Selon la DIE, au 31 décembre 2019, 508 projets ont été labellisés depuis octobre 2016, pour un montant total de 3,17 milliards d'euros. Le rapporteur spécial note la nette accélération constatée en 2019 , puisque le nombre de projets labellisés entre le mois d'octobre 2016 et le 31 décembre 2018 n'était que de 312, pour un montant total de
1,08 milliard d'euros.

Source : réponses au questionnaire budgétaire du rapporteur spécial, document de politique transversale relatif à la politique immobilière de l'État et rapport d'activité de la direction de l'immobilier de l'État pour l'année 2019

Le rapporteur spécial note enfin que l'amélioration de la performance énergétique provient moins d'une évolution qualitative des bâtiments en eux-mêmes que de la réduction de leur volume . La décomposition des dépenses énergétiques de l'État par ministère soutient ce constat : les plus fortes baisses observées entre 2011 et 2019 proviennent des ministères qui ont à la fois réduit leurs emprises et leurs effectifs
(- 86 % pour les services du Premier ministre, - 16 % pour le ministère de la transition écologique, - 7 % pour les ministères économiques et financiers, - 56 % pour ceux du travail et de la santé), tandis que les dépenses énergétiques des autres ministères ont augmenté.

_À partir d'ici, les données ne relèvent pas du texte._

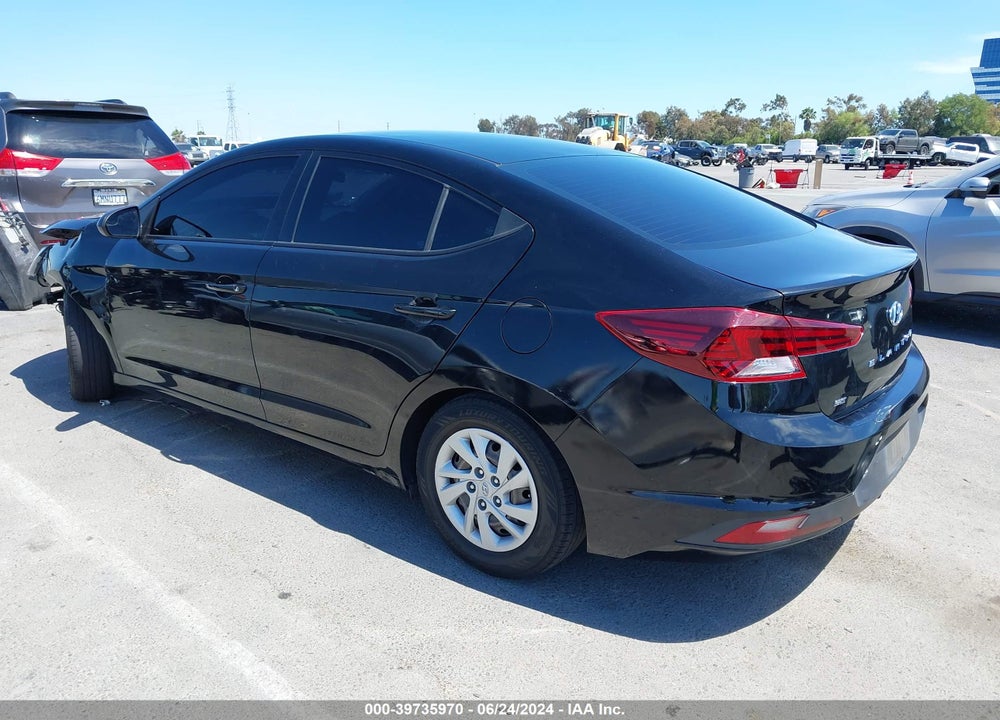 2019 HYUNDAI ELANTRA SE VIN: 5NPD74LF4KH431368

Ainsi, en dépit de progrès indéniables, le rapporteur spécial demeure plus que circonspect quant aux moyens engagés et à la faculté pour la politique immobilière de l'État et la DIE de transformer rapidement les modes de fonctionnement des ministères occupants . Selon les informations transmises par la direction de l'immobilier de l'État, le décret « tertiaire » nécessiterait des investissements de l'ordre de 80 milliards d'euros sur la période 2020-2050 pour atteindre l'objectif de réduction de la consommation énergétique de 60 % d'ici 2050 (par rapport à 2010), dont 36 milliards d'euros pour les services de l'État (42 milliards d'euros si le seuil était abaissé aux bâtiments d'une surface supérieure ou égale à 500 mètres carrés).

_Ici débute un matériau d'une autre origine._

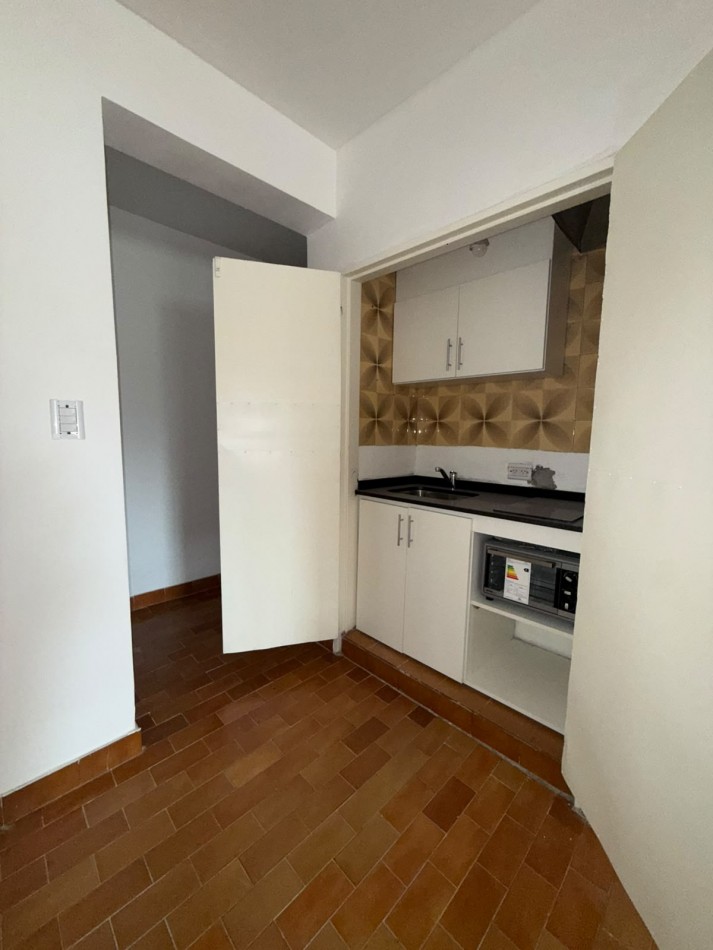 Monoambiente - Viamonte al 2.200 C.A.B.A. 6o Piso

Cette inquiétude sur la capacité à agir rapidement sur les habitudes des ministères et services occupants vaut également pour la diversification des modes de valorisation du patrimoine immobilier de l'État.


* 24 Selon le document de politique transversale relatif à la politique immobilière de l'État et annexé au projet de loi de finances pour 2021, les bâtiments, tous secteurs confondus, sont responsables de près de 50 % des consommations d'énergie et d'environ le quart des émissions nationales de gaz à effet de serre.

* 25 Dans le rapport qui a préfiguré l'instauration du Grand plan d'investissement (« Le grand plan d'investissement, 2018-2022 ». Rapport au Premier ministre), Jean Pisani-Ferry préconisait en effet d'améliorer la performance énergétique du parc immobilier de l'État (initiative 2).

* 26 Le concours CUBE2020 (Concours Usages Bâtiment Efficace) est organisé par l'Institut français pour la performance du bâtiment. Les participants sont classés selon les économies d'énergie constatées sur une période d'un an.

* 27 CIE, Avis du 10 septembre 2019 sur l'amélioration de la performance énergétique du parc.

* 28 À compter de la loi de finances pour 2019.